Extracted records
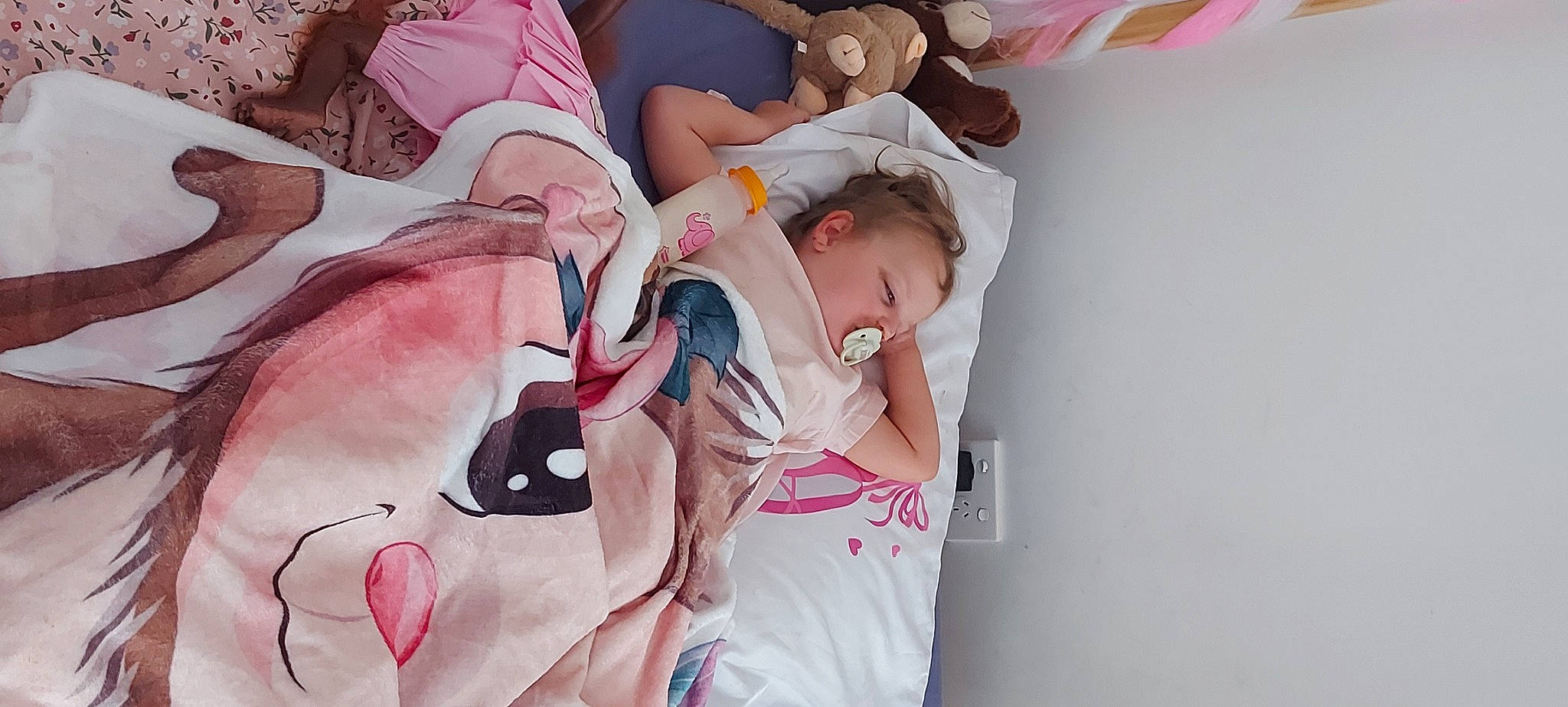 Ava is registered to the contest to win money with this photo: art, baby, baby_products, baby_toddler_clothing, carmine, child, comfort, event, eyelash, finger, flesh, happy, linens, magenta, pattern, peach, person, pink, room, skin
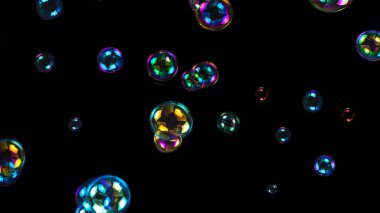 Sabun köpükleri siyah arkaplanda izole edilmiş.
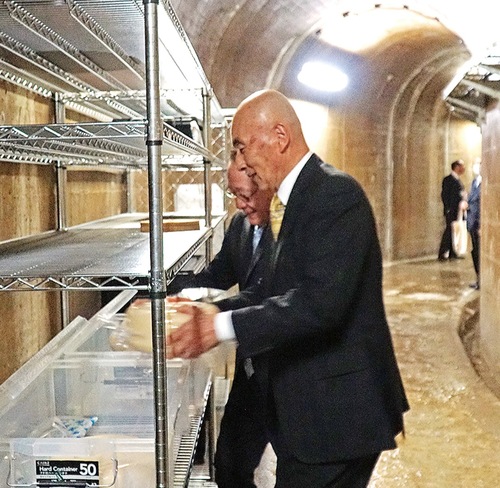 チーズを棚に置く服部代表（手前）と小野澤町長（奥）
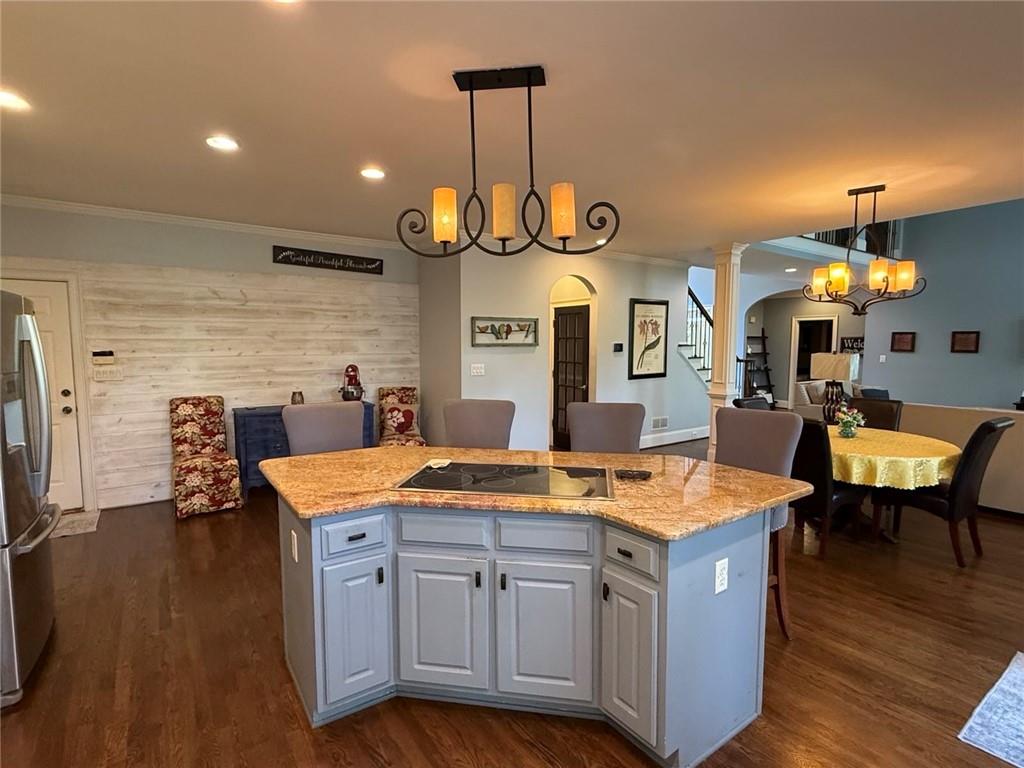 8350 Jacobs Ridge Lane Cumming, GA 30028 - Photo 19 of 68 a kitchen with stainless steel appliances granite countertop a sink a stove and a wooden floors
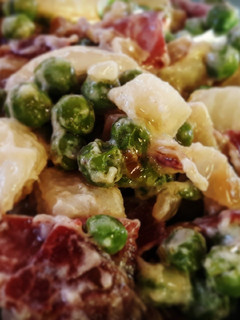 Una foto de Guisantes y patatas salteados con jamón y ajos tiernos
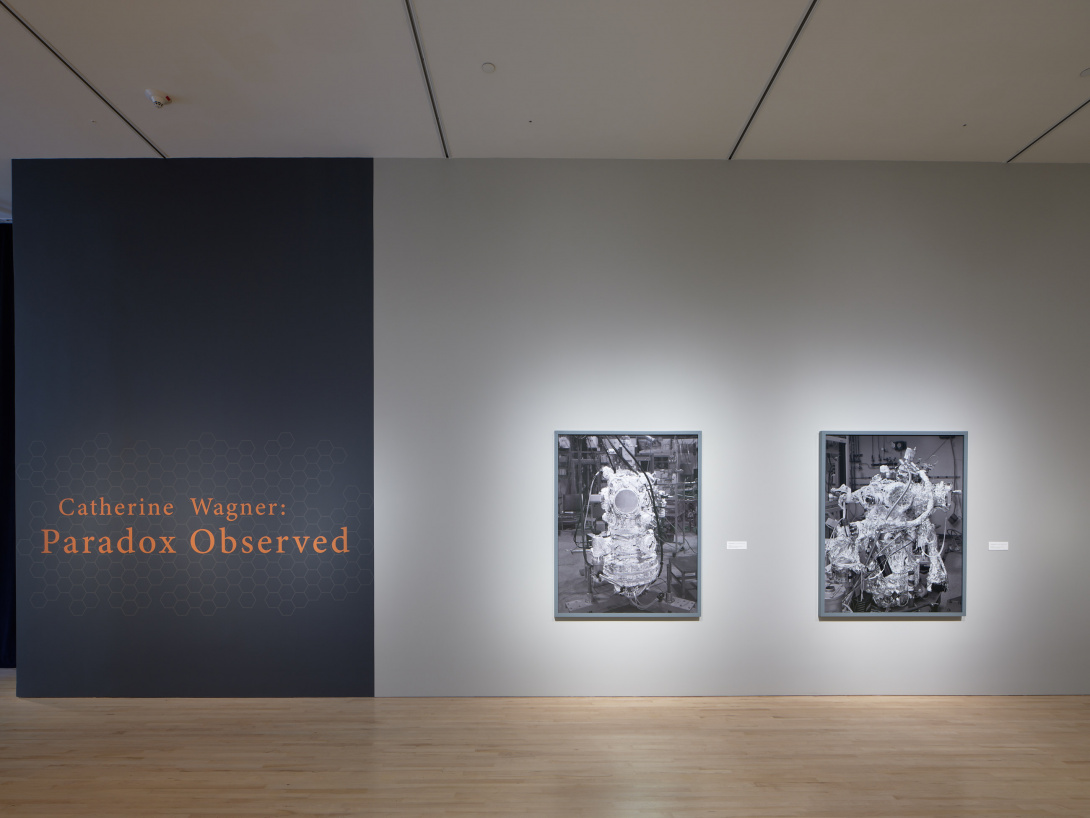 Pumpkin orange text on a graphite colored wall reads, "Catherine Wagner: Paradox Observed." Two rectangular grey scale images hang side by side. The images show foil-wrapped scientific machines, both connected to tubing and hoses.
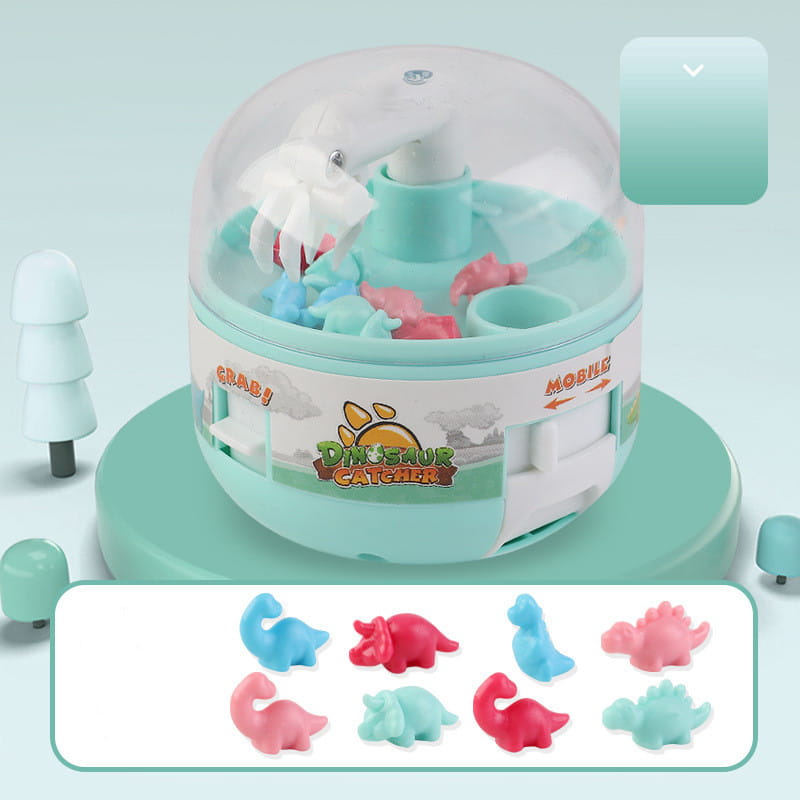 A translucent teal plastic dinosaur mini gashapon machine kids claw toy with a clear dome containing colorful silicone dinosaurs labeled dinosaur catcher on its side.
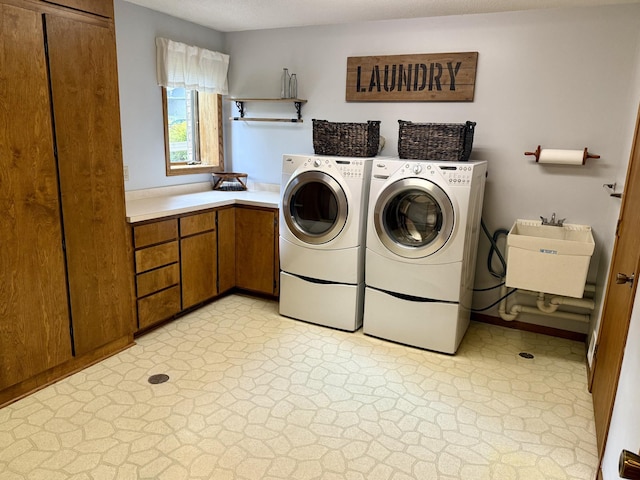507 Pine Ridge Ter, River Falls, WI 54022 - laundry area featuring separate washer and dryer and cabinet space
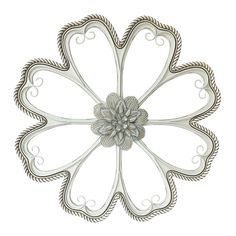 an ornate metal flower decoration on a white background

Problem statement: Find the line that contains "チーズを棚に置く服部代表（手前）と小野澤町長（奥）", then write out that line and each one after it, exactly and with nothing else, through the end of the entries above, without the pictures.

Written answer:
 チーズを棚に置く服部代表（手前）と小野澤町長（奥）
 8350 Jacobs Ridge Lane Cumming, GA 30028 - Photo 19 of 68 a kitchen with stainless steel appliances granite countertop a sink a stove and a wooden floors
 Una foto de Guisantes y patatas salteados con jamón y ajos tiernos
 Pumpkin orange text on a graphite colored wall reads, "Catherine Wagner: Paradox Observed." Two rectangular grey scale images hang side by side. The images show foil-wrapped scientific machines, both connected to tubing and hoses.
 A translucent teal plastic dinosaur mini gashapon machine kids claw toy with a clear dome containing colorful silicone dinosaurs labeled dinosaur catcher on its side.
507 Pine Ridge Ter, River Falls, WI 54022 - laundry area featuring separate washer and dryer and cabinet space
 an ornate metal flower decoration on a white background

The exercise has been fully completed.